Criterion's ambitious Blu-ray boxed set America Lost and Found the BBS Story gathers seven features germane to the discussion. It's true: all represent alternatives to Hollywood factory product. Three or four can also be classified as popular hits. Interestingly, Criterion took over the Lost and Found disc project, which had already been completed at Sony, presumably as a DVD release. Some of the extras were produced by Sony two years ago.
BBS occupied a multi-story office building on La Brea Avenue for most of the 1970s, after which the space was taken over by, of all people, Redd Foxx. The building had a cozy atmosphere and a laid-back quality; one friend worked there and another maintained the 16mm rental library for the company's non-theatrical offshoot, RBC. I remember that RBC had the license for Charlie Chaplin's movies, and they rented like hotcakes.
As the Raybert Company, Rafelson and Schneider began not as film students but as shrewd TV packagers. They created The Monkees, a pop group manufactured to be just like The Beatles, only more accessible (and marketable, and controllable). The successful TV show made the partners a fortune and encouraged them to branch out into film work. Just as the group were breaking up, Bob Rafelson directed Head, an attempt to use the Monkees phenomenon to deconstruct the culture. The writer was Jack Nicholson, who had spent the 1960s busy but treading water as an actor while working his way into more active creative roles in Roger Corman films. A free-form collage of styles and visual gimmicks, Head is purposely nonsensical, and self-reflexive; almost every "scene" is revealed to be a filmic illusion. The four Monkees critique their status as rebels struggling in a commercial strait-jacket, while the film lampoons old Hollywood movies, chosen political targets and The Establishment in general. Defenders are quick to remind us that Head may be the first studio release to openly diss the war in Vietnam. A "fun musical romp for the kids", it also uses a repetition of the famous, gruesome newsreel shot of a South Vietnamese security officer murdering a suspected Viet Cong with a pistol shot to the head. It's as if a bit of the French May Strike had leaked into the wacky world of the Monkees.
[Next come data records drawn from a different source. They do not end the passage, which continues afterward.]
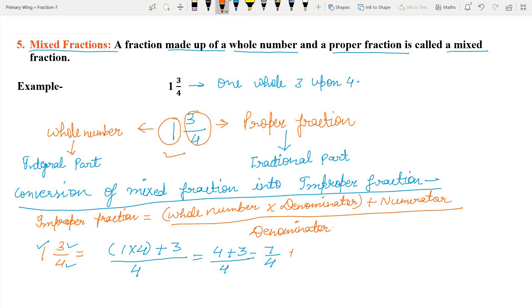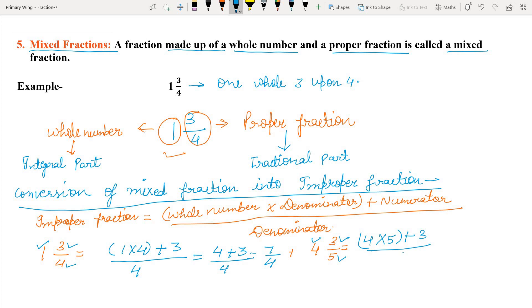ऐसे ही हम एक mixed fraction और लेते हैं: four whole, three upon five. इसको हमें convert करना है improper fraction में. तो whole part यहाँ पे four है, denominator is five. So, (4 × 5) + 3 upon 5 = 20 + 3 upon 5 = 23 upon five. This is converted into an improper fraction.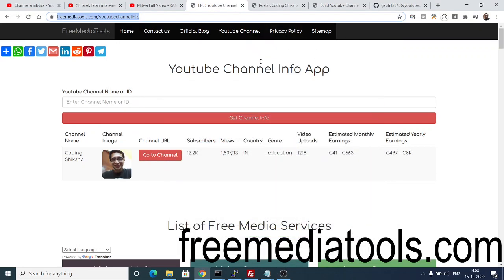Hello friends, today in this tutorial I will be showing you a new web service that I added on my website freemediatools.com, which is the YouTube Channel Info app. This is a great web application where you can just enter any YouTube channel name and get information about it.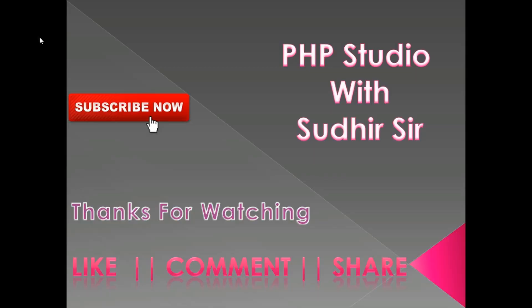OK guys, thanks for watching. Please like, comment, and share this video and subscribe my channel. Thank you very much.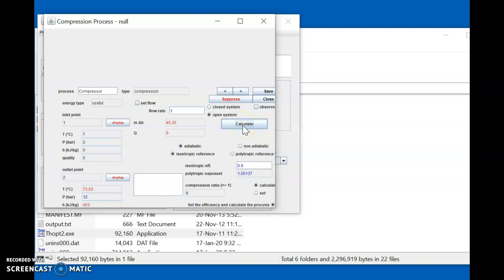As soon as I press the Calculate button, the values are generated. For point one we already had temperature and pressure. For point two, the outlet temperature is found to be 73.53 degrees Celsius. The polytropic exponent in this case is 1.05. These are the values we needed. Use these to perform the practical part. I hope everybody has been able to follow this — thank you very much for joining me for this session.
Head came out in September of 1968 and didn't attract much attention. But Raybert already had Dennis Hopper's Easy Rider on the launching pad; it only remained for the company to kick Hopper out of the cutting room and get a finished cut out the door. A genuine loose cannon in a film game that required at least a minimum of reliability, Hopper made his tale of drug dealers looking for America at Raybert only after being turned down by American-International and Roger Corman, who was unhappy with the large budget outlay (and probably a lack of control). The movie, of course, changed the direction of the industry (see my earlier Easy Rider DVD review) and remains a highly watchable and intermittently good movie. Some of the editorial gimmicks seem like desperation moves to spin something "hip" from inadequate footage, and much of the acting is just plain terrible, especially that of Peter Fonda. But Hopper is appropriately iconic and Jack Nicholson's amiable presence gives the film a needed lift. It's not too much of a stretch to see that a major part of the "youth revolution" in Hollywood circa 1970 was really the work of talented, frustrated 30-somethings like Nicholson who'd been kicking around for years.
The enormous, game changing success of Easy Rider led to a multi-picture deal with Columbia. Now able to launch personal projects with less studio pressure, the company BBS was officially underway. Bob Rafelson's Five Easy Pieces pleased virtually everybody, public and critics alike. Nicholson became a full-fledged star as Bobby Dupea, a soul-sick son of a musically blessed family who wanders between jobs in oil fields. He feels stifled in his relationship with Rayette Dipesto, a waitress and Tammy Wynette fan almost too clueless to be endearing. "Lost in America" in a way totally different from the outlaws of Easy Rider, Dupea hasn't got what it takes to resolve his family or personal problems, and elects to just stay on the run.
To its credit, the impressive Five Easy Pieces brings a European style and attitude to American filmmaking, without the more obvious pretensions of continental art movies. Laszlo Kovacs' visuals of an "on the road" America seem entirely fresh. Firmly rooted in character (as opposed to trumpeting auteurish director moves), the show is a genuinely touching portrait of an involuntary heel. Perhaps the simplest way to distinguish BBS films is to remark on their essentially European sensibility. A good point of comparison might be Paul Mazursky's Bob & Carol & Ted & Alice. An interesting picture, it still resembles a standard Hollywood sex farce.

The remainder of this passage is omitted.